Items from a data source
┏━━

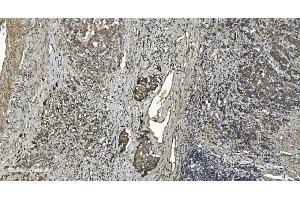 IHC analysis of RGS6 using anti-RGS6 antibody (ABIN7602326). (RGS6 Antikörper  (AA 7-357))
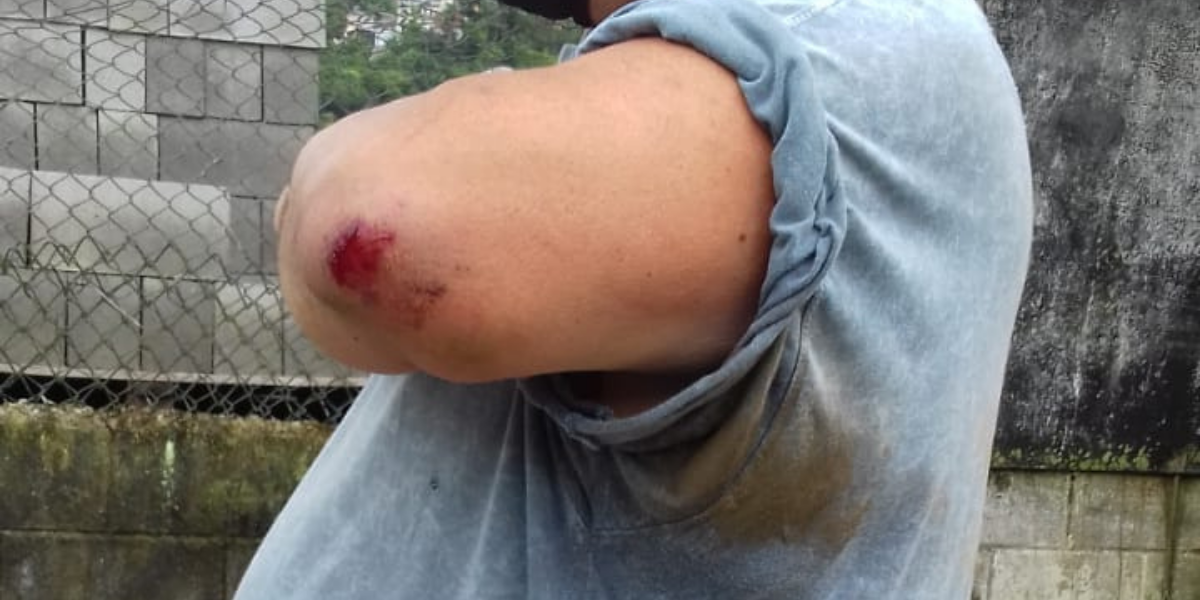 Marcelo caiu em um bueiro da Avenida Santista, em Santos( Foto: Divulgação/Viver no Morro e Região)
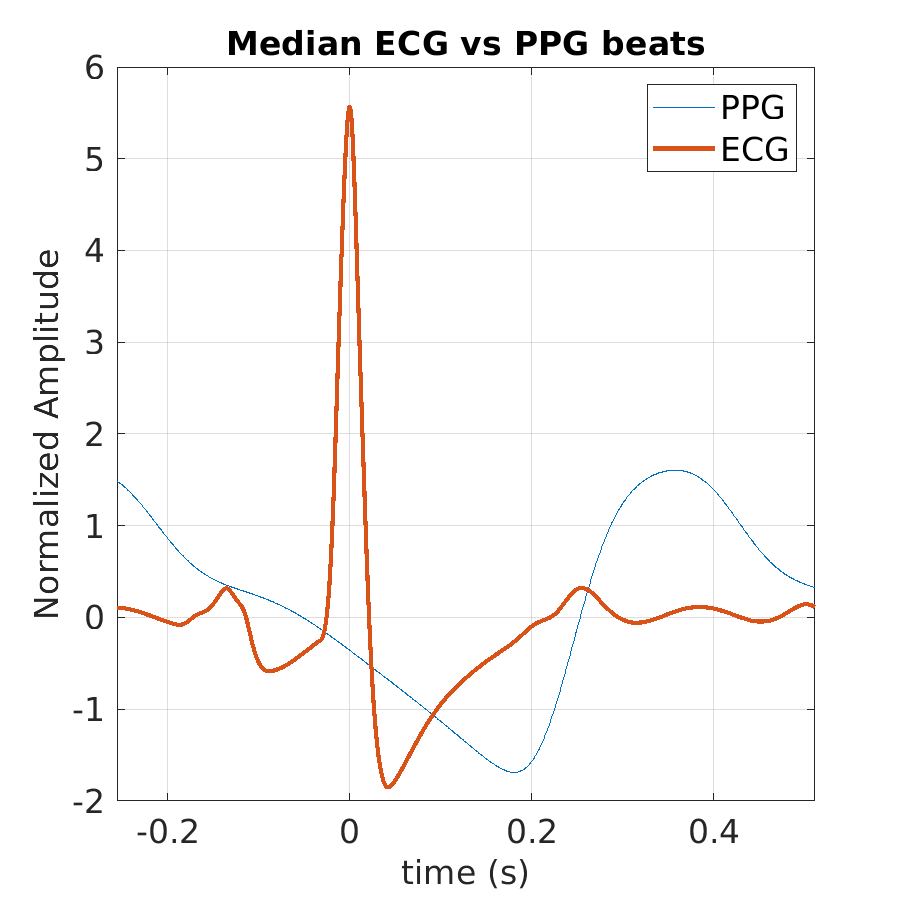 S012_ppg_med_ecg_ppg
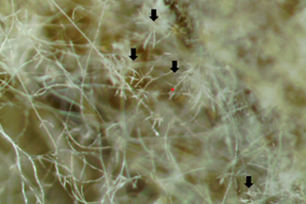Fusarium sp.1 사진
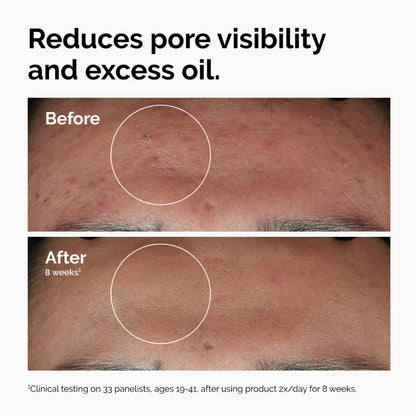 The Ordinary Niacinamide 10% Zinc 1% Serum bottle packaging Thailand water-based balancing facial serum for blemish prone skin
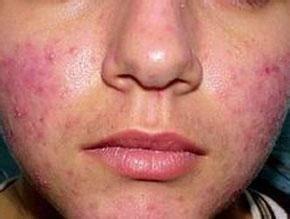 寻常疮怎么治,寻常痤疮用什么药膏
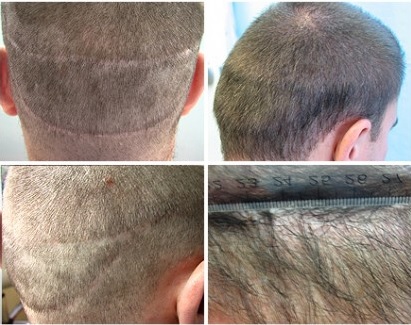 Strip Scarring - Repair Through FUE Surgery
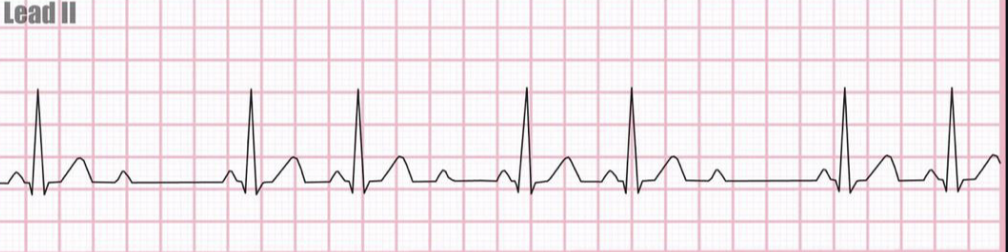 <p>the image shown depicts what cardiac arrhythmia?</p>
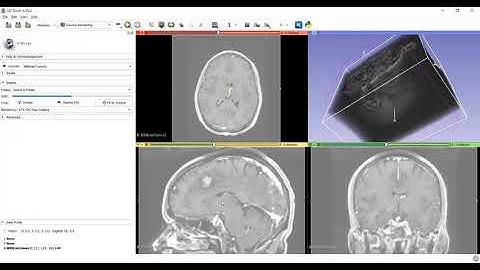 Volume rendering and ROI on brain tumour using 3D Slicer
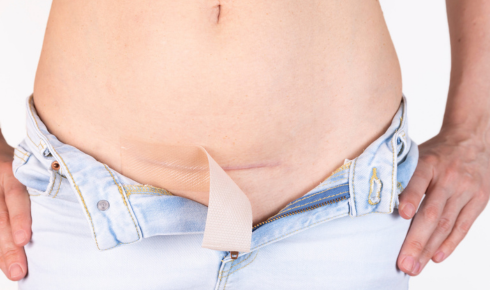 Sleep, Scars, and Soft Clothes That Actually Help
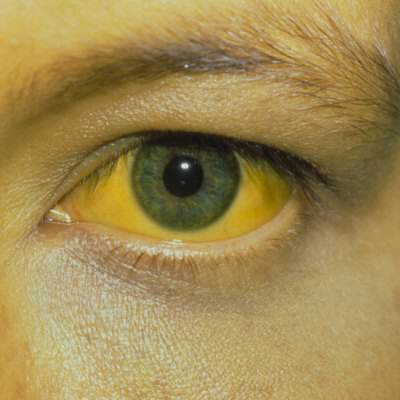 Hepatitis-b-d-c-Jaundice-ppt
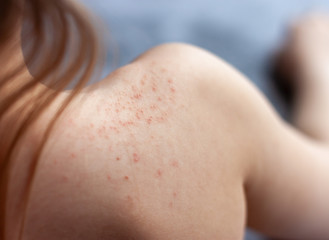 The shoulder of a child with red spots signs of dermatitis.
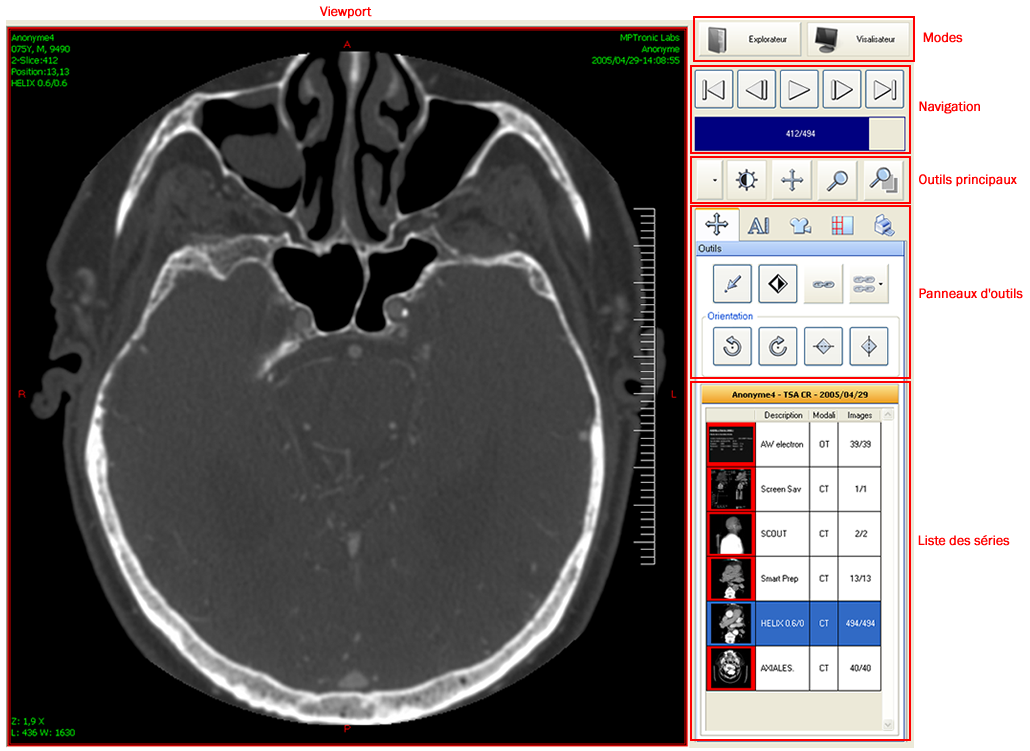 Dicom sender software download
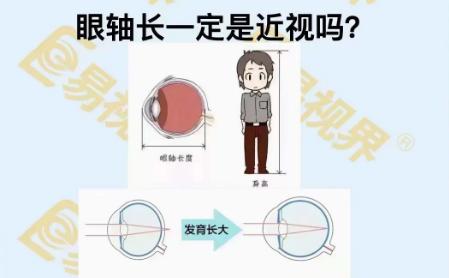 眼軸長一定是近視嗎？
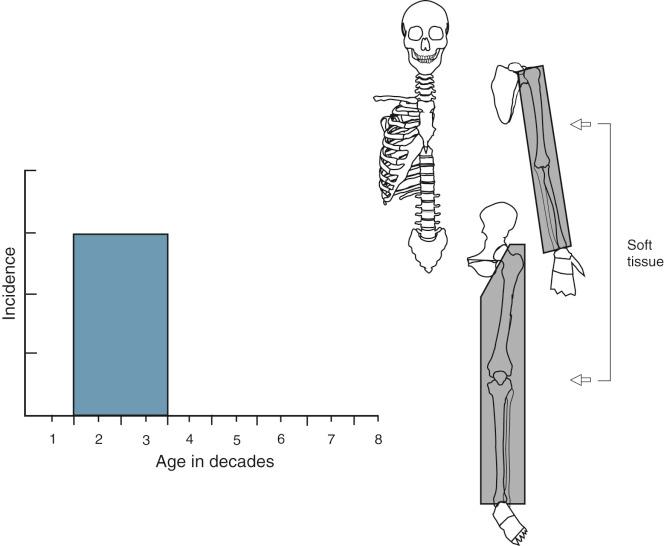 FIGURE 23-2, Myositis ossificans.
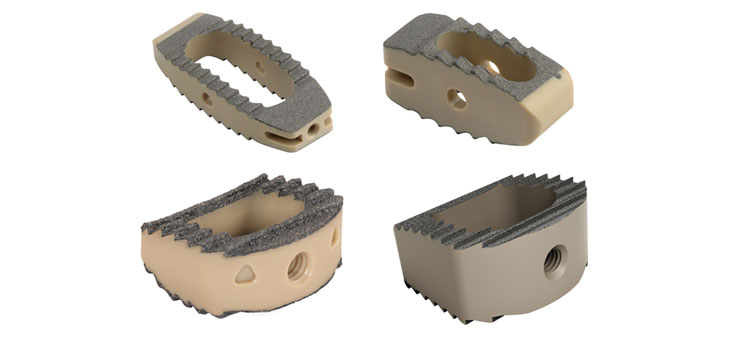 Cornerstone Titanium Coated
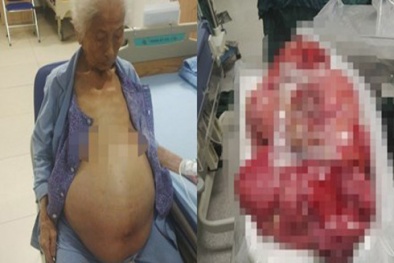 Phẫu thuật thành công khối u 13kg cho cụ bà 100 tuổi ở Đồng Nai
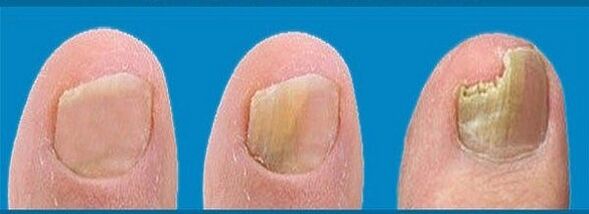 proceso de desarrollo de hongos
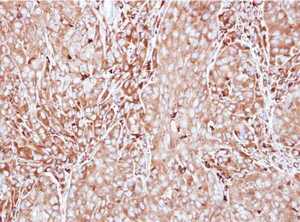 Immunohistochemistry (Formalin/PFA-fixed paraffin-embedded sections) - Anti-MMP3 antibody (AB137659)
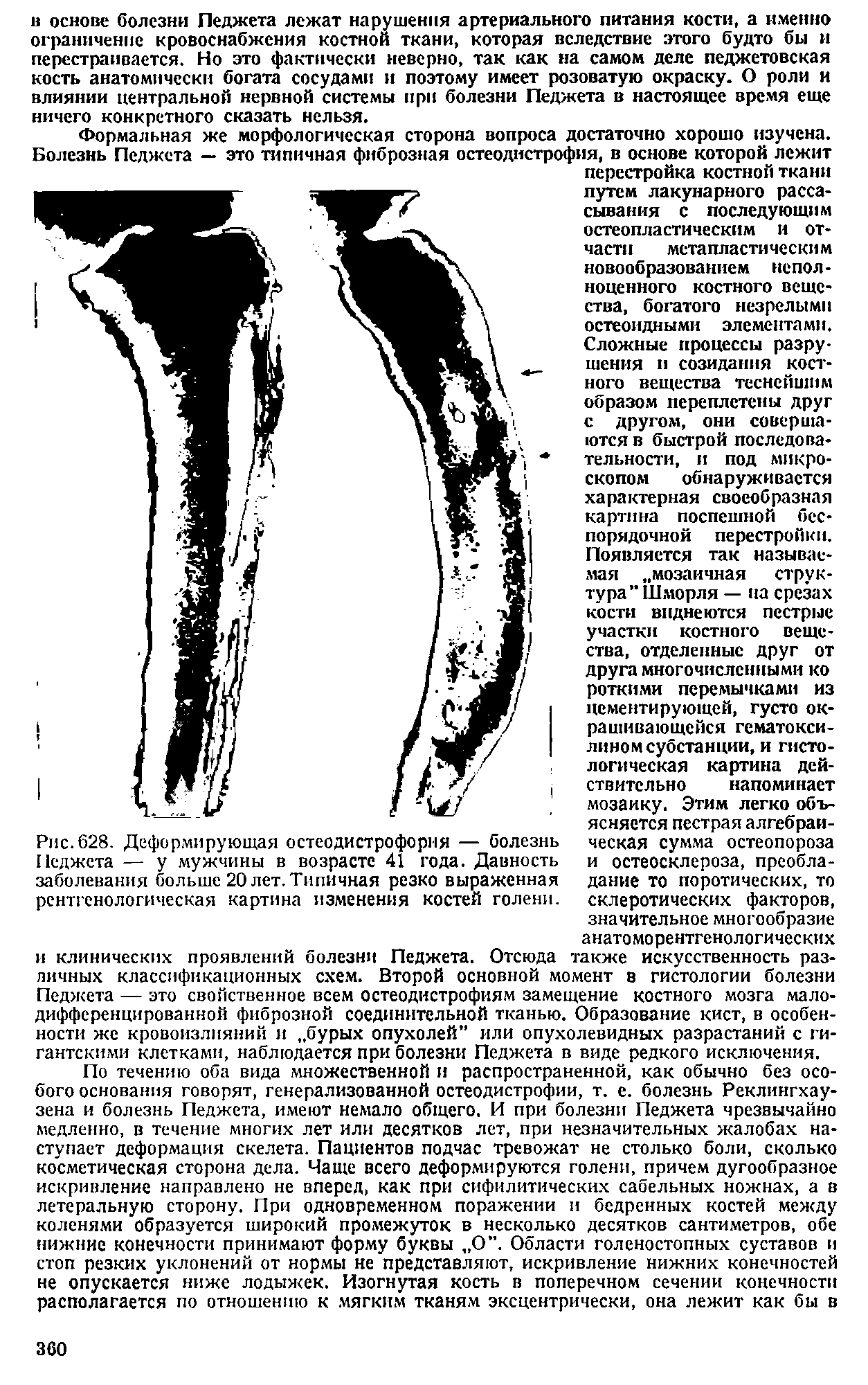 Рис.628. Деформирующая остеодистрофорня — болезнь Педжета — у мужчины в возрасте 41 года. Давность заболевания больше 20 лет. Типичная резко выраженная рентгенологическая картина изменения костей голени.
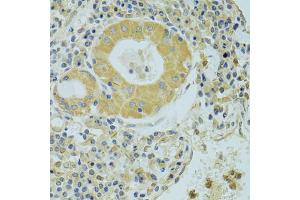 Immunohistochemistry of paraffin-embedded human lung cancer using PECR antibody (ABIN2564466) at dilution of 1:100 (40x lens). (PECR anticorps)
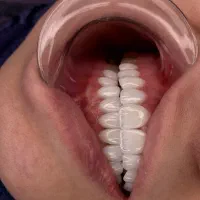 لمینیت دندان با تخفیف ویژه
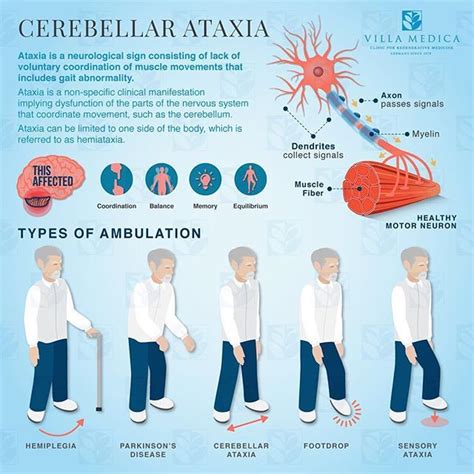 💡💡Learn more about ATAXIA ⤵️ • • What's Ataxia? Types of ambulation • • #neuro #neurology # ...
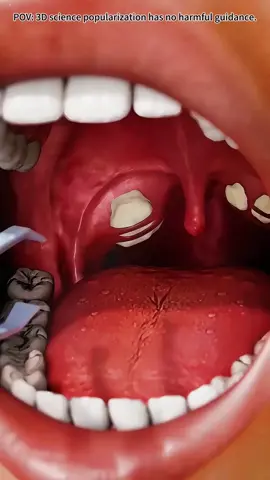How tonsil stones are form? Medical Animation 3D#tonsils #tonsillitis #tonsilstonesremoval #medicalanimation#TonsilStones #TonsilStonesExplained #TonsilStones3D #WhatAreTonsilStones #HowTonsilStonesForm #TonsilStoneFacts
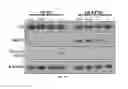 Fig. 28 - Modulators of resistant androgen receptor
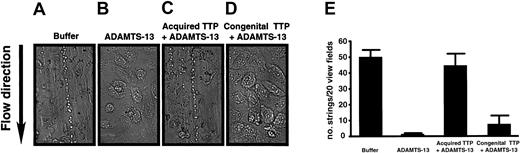 Fig. 9. Effect of TTP plasma on the ULVWF-cleaving activity of ADAMTS-13. / Washed platelets suspended in Tyrode buffer formed the stringlike structures on the stimulated endothelial surface (A), whereas the VWF-platelet strings were cleaved in the presence of purified ADAMTS-13 (B). ADAMTS-13 failed to cleave the VWF strings when it was mixed with plasma from acquired TTP containing anti–ADAMTS-13 antibody (E), but functioned normally when mixed with plasma from congenital TTP with deficient ADAMTS-13 activity (D). Panel E is the summary of multiple sample analyses, and results are expressed as means ± SEM, n = 3.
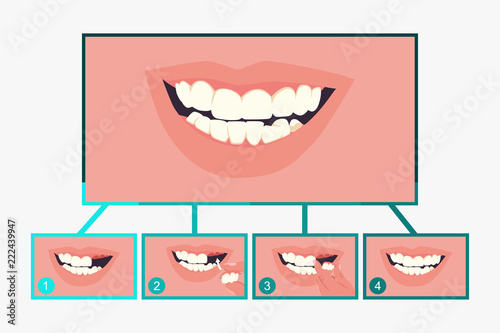 Partial denture dental. Stages of treatment. Vector flat stomatology infographics isolated on a white background.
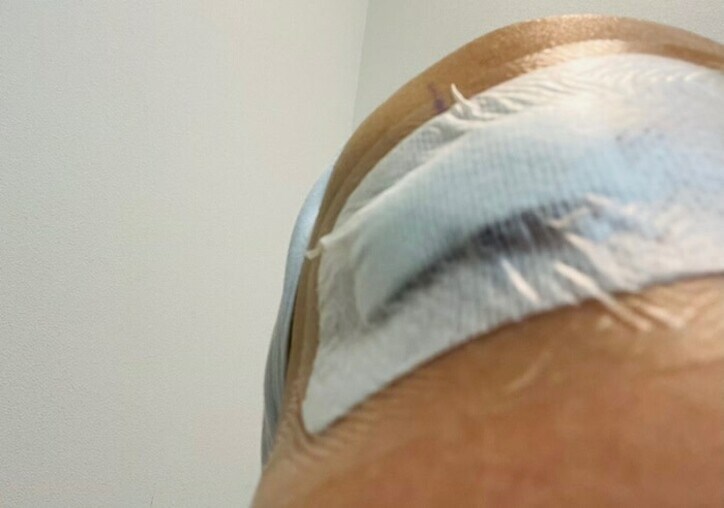  薬丸裕英、数年悩んでいた症状で手術を受けたことを報告「皮膚がふくらむ疾患」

┗━━

Using the data above, return the lines from the one holding "Immunohistochemistry of paraffin-embedded" through the one holding "Fig. 28 - Modulators" exactly, but not the pictures.

REPLY TO THE EXERCISE
 Immunohistochemistry of paraffin-embedded human lung cancer using PECR antibody (ABIN2564466) at dilution of 1:100 (40x lens). (PECR anticorps)
 لمینیت دندان با تخفیف ویژه
 💡💡Learn more about ATAXIA ⤵️ • • What's Ataxia? Types of ambulation • • #neuro #neurology # ...
How tonsil stones are form? Medical Animation 3D#tonsils #tonsillitis #tonsilstonesremoval #medicalanimation#TonsilStones #TonsilStonesExplained #TonsilStones3D #WhatAreTonsilStones #HowTonsilStonesForm #TonsilStoneFacts
 Fig. 28 - Modulators of resistant androgen receptor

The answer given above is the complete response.